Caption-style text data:
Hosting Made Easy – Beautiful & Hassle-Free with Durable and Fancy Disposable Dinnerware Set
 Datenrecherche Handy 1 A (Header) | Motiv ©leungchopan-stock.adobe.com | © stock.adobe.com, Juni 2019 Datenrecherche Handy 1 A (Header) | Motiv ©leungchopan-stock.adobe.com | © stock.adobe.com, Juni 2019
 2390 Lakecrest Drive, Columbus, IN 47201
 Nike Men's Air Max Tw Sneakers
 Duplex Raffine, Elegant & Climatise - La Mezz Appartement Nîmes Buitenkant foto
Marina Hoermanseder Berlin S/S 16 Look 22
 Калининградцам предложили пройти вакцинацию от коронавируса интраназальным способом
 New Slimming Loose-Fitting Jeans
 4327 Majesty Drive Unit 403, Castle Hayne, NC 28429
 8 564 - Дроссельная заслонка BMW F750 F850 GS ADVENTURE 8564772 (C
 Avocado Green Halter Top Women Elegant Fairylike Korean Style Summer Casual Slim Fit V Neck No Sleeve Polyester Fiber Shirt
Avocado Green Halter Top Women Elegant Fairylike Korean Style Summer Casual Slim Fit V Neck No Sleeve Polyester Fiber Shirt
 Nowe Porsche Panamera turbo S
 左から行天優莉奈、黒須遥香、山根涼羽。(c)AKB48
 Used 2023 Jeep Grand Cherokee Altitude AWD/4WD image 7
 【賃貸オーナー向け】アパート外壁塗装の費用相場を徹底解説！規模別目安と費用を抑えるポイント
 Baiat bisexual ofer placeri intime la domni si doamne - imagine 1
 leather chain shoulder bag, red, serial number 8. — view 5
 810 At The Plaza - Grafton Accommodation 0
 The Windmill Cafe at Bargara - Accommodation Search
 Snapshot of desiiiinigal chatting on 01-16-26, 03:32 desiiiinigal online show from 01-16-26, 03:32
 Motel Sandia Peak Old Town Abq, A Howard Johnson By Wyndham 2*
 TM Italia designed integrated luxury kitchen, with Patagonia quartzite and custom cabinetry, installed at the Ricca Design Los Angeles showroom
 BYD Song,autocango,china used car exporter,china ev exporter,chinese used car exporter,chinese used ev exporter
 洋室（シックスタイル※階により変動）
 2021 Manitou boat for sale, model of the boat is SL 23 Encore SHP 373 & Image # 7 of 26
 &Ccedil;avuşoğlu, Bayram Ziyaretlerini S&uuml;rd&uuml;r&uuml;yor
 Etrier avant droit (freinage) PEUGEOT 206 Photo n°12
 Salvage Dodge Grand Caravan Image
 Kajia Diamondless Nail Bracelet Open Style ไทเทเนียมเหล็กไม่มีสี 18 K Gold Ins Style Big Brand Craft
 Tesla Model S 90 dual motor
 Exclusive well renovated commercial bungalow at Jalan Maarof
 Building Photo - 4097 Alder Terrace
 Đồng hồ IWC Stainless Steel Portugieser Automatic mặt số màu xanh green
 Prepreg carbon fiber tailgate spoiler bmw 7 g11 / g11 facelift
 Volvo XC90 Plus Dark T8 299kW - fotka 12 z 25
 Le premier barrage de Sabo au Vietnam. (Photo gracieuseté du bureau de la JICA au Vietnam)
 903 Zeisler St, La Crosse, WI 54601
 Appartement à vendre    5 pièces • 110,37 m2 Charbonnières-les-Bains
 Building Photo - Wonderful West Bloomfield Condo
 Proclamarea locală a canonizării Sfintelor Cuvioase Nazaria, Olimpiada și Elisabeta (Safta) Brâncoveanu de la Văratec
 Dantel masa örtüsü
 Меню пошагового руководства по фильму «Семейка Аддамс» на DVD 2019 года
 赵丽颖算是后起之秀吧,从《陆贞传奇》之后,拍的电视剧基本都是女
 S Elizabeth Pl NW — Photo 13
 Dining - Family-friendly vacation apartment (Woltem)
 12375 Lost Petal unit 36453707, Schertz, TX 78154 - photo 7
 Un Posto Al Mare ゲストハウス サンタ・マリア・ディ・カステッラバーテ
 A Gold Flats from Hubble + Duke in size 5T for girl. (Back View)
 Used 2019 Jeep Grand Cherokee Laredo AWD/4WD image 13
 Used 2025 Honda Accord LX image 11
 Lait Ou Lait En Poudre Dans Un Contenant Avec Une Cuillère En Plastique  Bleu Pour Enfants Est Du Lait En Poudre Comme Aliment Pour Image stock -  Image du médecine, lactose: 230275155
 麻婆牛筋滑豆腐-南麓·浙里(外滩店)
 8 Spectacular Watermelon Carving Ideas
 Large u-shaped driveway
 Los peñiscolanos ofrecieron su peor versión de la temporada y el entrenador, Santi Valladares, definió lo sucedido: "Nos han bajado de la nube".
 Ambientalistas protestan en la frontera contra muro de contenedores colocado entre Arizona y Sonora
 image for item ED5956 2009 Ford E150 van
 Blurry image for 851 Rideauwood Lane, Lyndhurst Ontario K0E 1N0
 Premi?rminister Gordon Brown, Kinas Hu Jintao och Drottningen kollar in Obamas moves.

* _ACTIVITY_
The lines to copy are those above that contain "Appartement".

* _EXERCISE RESPONSE_
 Duplex Raffine, Elegant & Climatise - La Mezz Appartement Nîmes Buitenkant foto
 Appartement à vendre    5 pièces • 110,37 m2 Charbonnières-les-Bains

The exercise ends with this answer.